Đoan Trang - No one knows exactly what achievements he has made in the recent years to be promoted. However, just listen to what Ca said about the Tien Lang land eviction. The interview was conducted by VnMedia on January 8, 2012, three days after the incident.

The language Ca spoke is typical of the communist idiosyncrasy which can be found abundant in Chinese and Vietnamese propaganda materials. Moreover, what he spoke of also demonstrates the mindset of a communist police which is too familiar with suppression of “anti-state elements” and "hostile forces".

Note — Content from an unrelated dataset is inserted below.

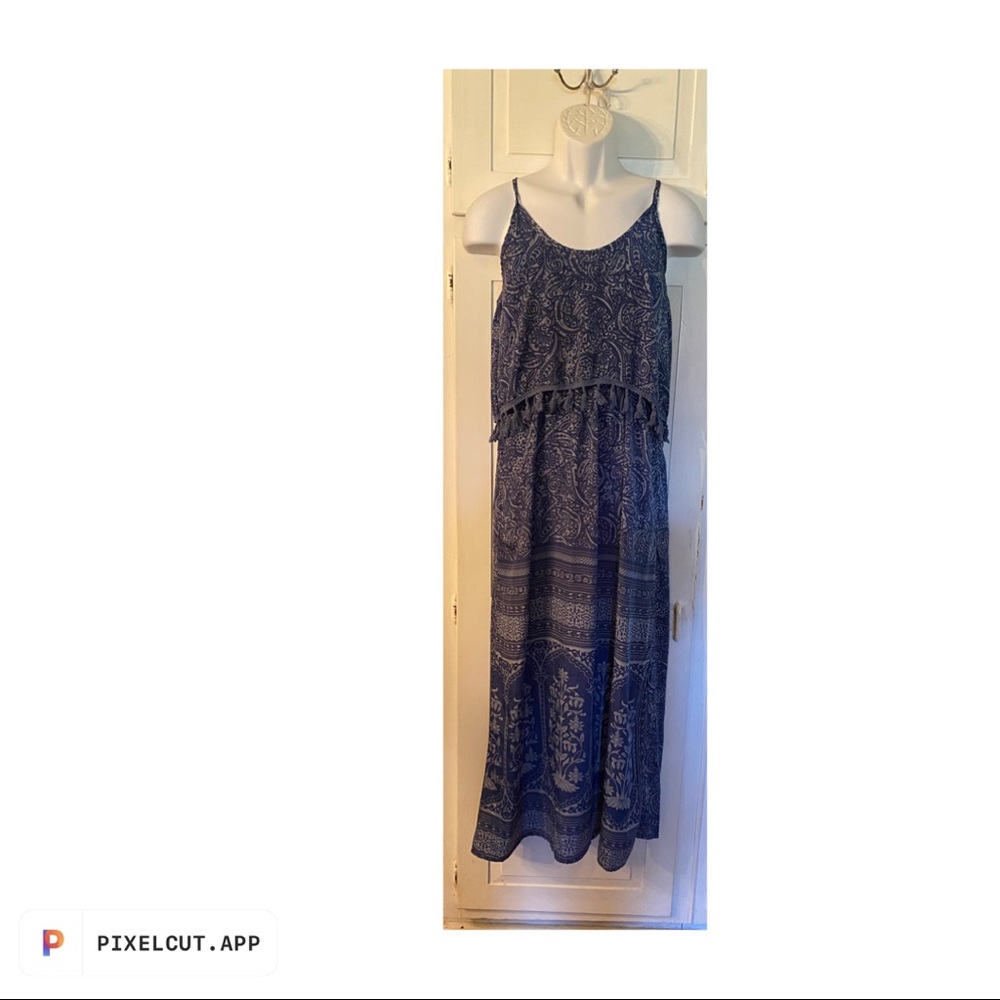 Earthbound maxi dress size medium, blue paisley print.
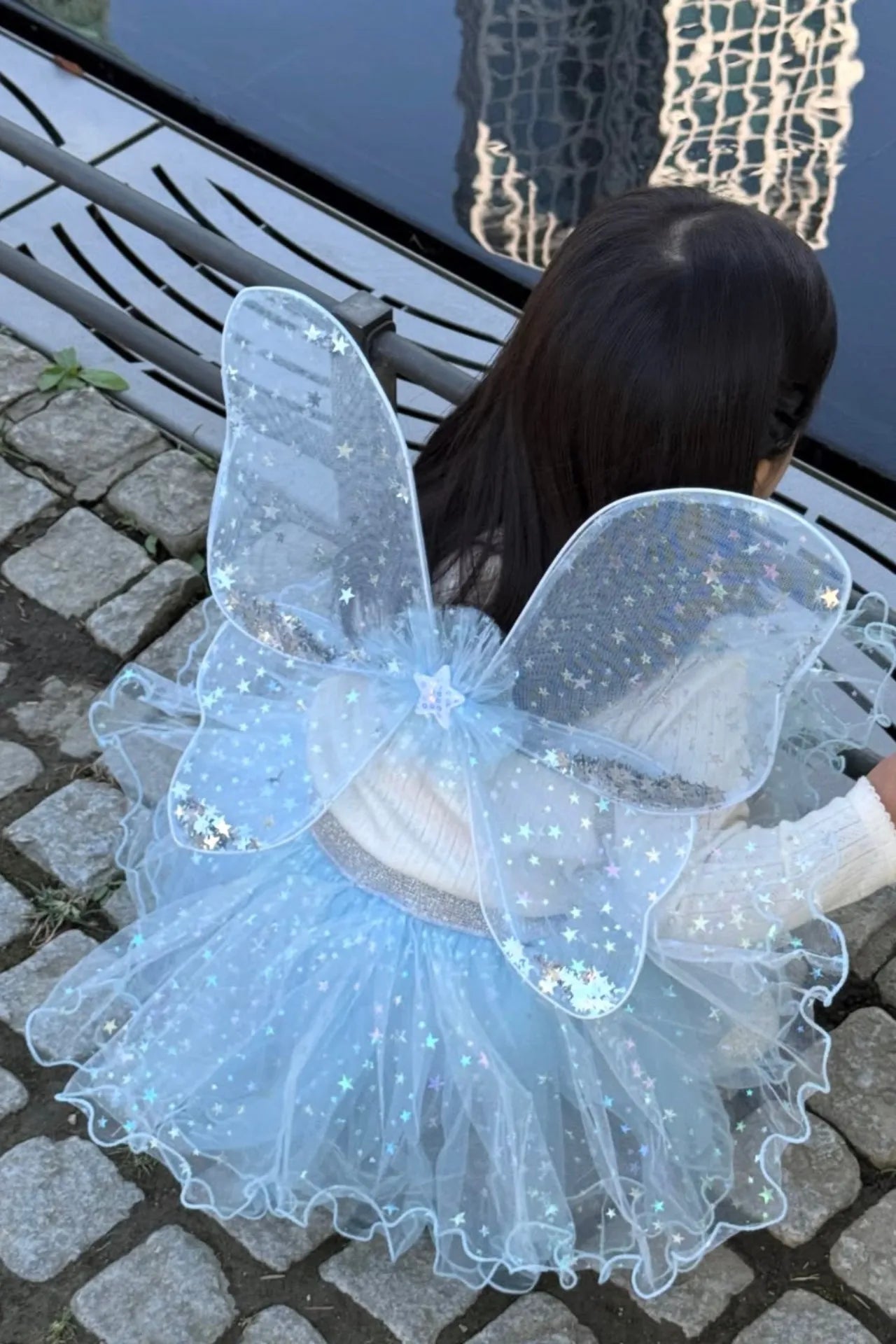Iridescent Celestial Fairy, Wings, Tutu And Wand Costume Set For Kids 3+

- The eviction is under the jurisdiction of the [Tien Lang] District. They just reported to me that there would be an eviction as such, and asked for troops. I just signed the grant of troops. The District took responsibility for implementing their detailed plans. Obviously, however, as soon as Comrade Mải [Chief of theTien Lang police, one of the six policemen injured in the case – note by the interviewer] comes back from hospital will I organize experience-sharing meeting.

(Question: Regarding the eviction in Tien Lang, there have been opinions that it is not worthwhile to deploy hundreds of troops just to grab a shrimp swamp, especially as many could be injured. What’s your opinion on that, Colonel?)

- Actually what you are asking is also what some officials are thinking. I have told them that their perceptions were all wrong. The seizure of a swamp was a very normal thing to do - an administrative proceeding under the jurisdiction of that District. The proceeding was just mediocre, and the performers were rightful. Eight reconciliation efforts had failed, the court has also issued a verdict, but Vuon stubbornly clung to the swamp and refused to return the swamp to local authorities. The local authorities thus had to vacate him, and that was absolutely lawful.

In this case, the only regret was that the grabbers, including the police, military troops, and other forces did not know their target Vuon thoroughly. Vuon resisted, but the grabbers did not know that beforehand, so there were some losses. But that’s our private affair. When we deployed troops there, we meant to catch a criminal, because that criminal resisted against people performing official duties, injuring our people. Moreover, as Vuon used landmines and took other dangerous measures, I had to deploy strong forces for suppression. These are two distinct issues. (…)

When I deployed more troops to the site, those criminals had evacuated. It was fortunate that they had left, otherwise we would have had to take stronger actions to suppress their actions and the consequences would have been worse. On that day, I, and four deputy chiefs, were all present at the site to lead the fight. [sic] We had thought of the worst scenario, so we had prepared sufficient arms and ammunition. [sic] When I arrived, unaware that those criminals had evacuated, all combat plans were being implemented.

That attack failed to arrest criminal Vuon, but succeeded in suppressing him. I must admit that the combined operations were extremely fantastic. I told you, there has never been any exercise as successful as such. That the mobile force employed boats to approach the site is unheard-of in our textbooks, that they had to use bamboo crafts to secretly move in and encounter the criminals, that they staged diversion with a direct encounter, that they combated in different arrays, etc. I think these manoeuvres were all fantastic, and can be brought into book. I told our comrades (…) that this was not a planned military exercise, but there were actually many things to learn. [The eviction] was splendid with spectacular coordination between local authorities, the army, the border police, so there is nothing to complain about.